(Image-caption web data)
-- Opening Marker --

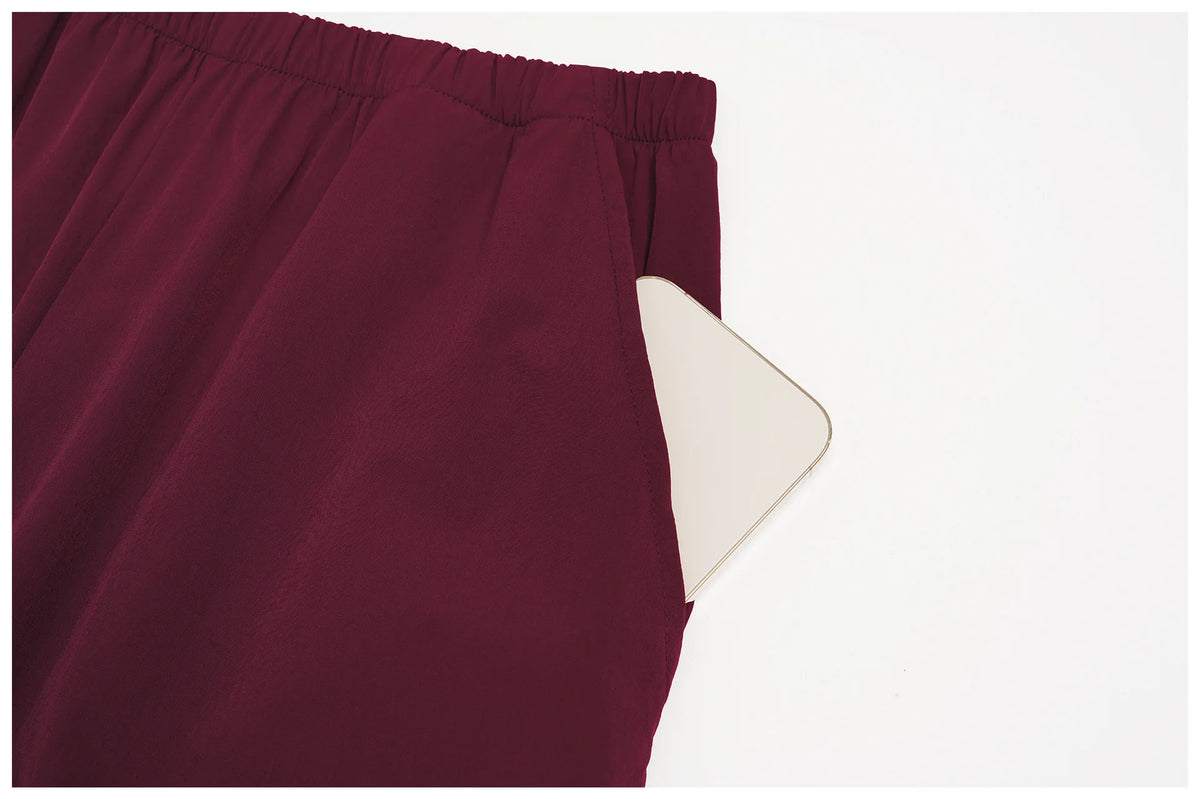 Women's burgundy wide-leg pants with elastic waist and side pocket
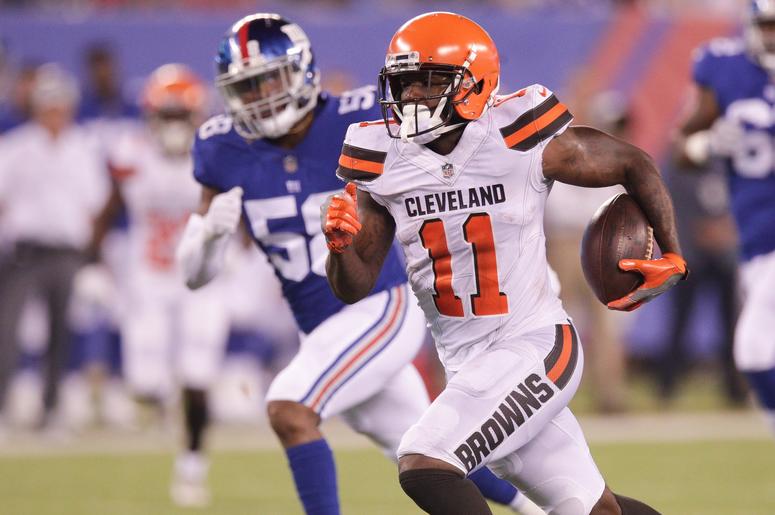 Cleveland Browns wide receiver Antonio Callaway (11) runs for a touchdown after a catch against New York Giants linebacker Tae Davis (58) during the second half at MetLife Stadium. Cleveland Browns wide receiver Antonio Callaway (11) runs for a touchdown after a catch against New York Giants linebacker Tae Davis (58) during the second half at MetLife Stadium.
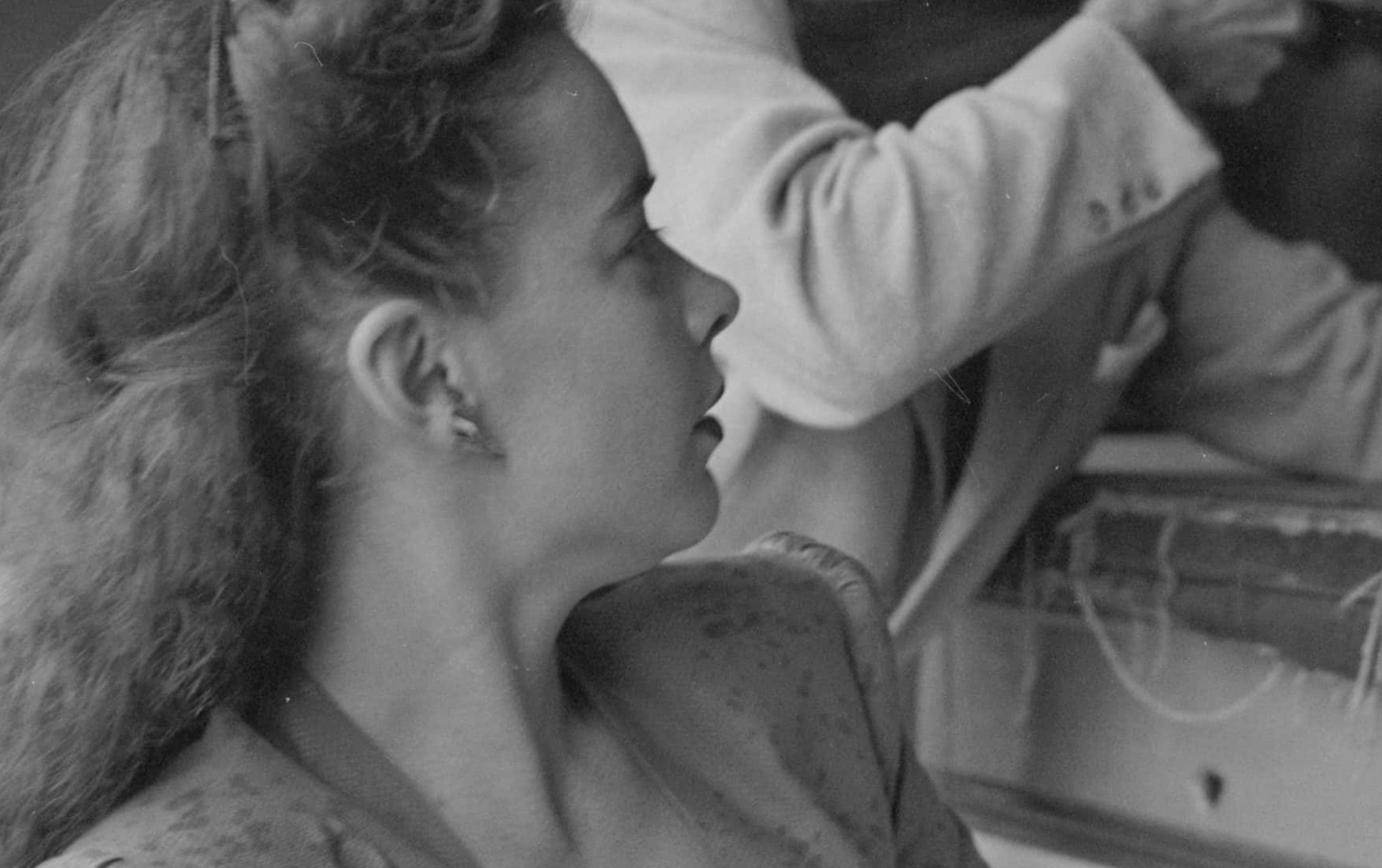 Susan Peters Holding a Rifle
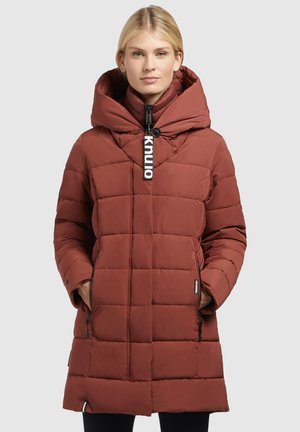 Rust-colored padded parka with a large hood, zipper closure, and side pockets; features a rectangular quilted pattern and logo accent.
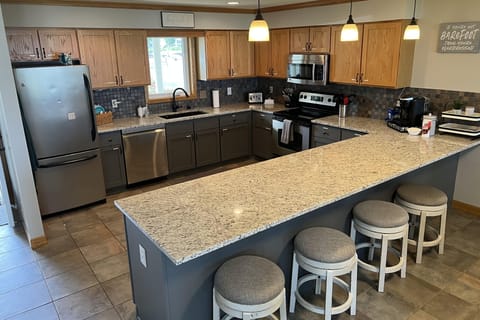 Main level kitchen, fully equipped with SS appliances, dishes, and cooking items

-- Closing Marker --

## WHAT IS BEING ASKED:
Repeat exactly the lines from the one containing "Susan Peters Holding a Rifle" to the last line of the records above, including both, and leave out any pictures.

## RESULT FOR THIS TASK:
 Susan Peters Holding a Rifle
 Rust-colored padded parka with a large hood, zipper closure, and side pockets; features a rectangular quilted pattern and logo accent.
 Main level kitchen, fully equipped with SS appliances, dishes, and cooking items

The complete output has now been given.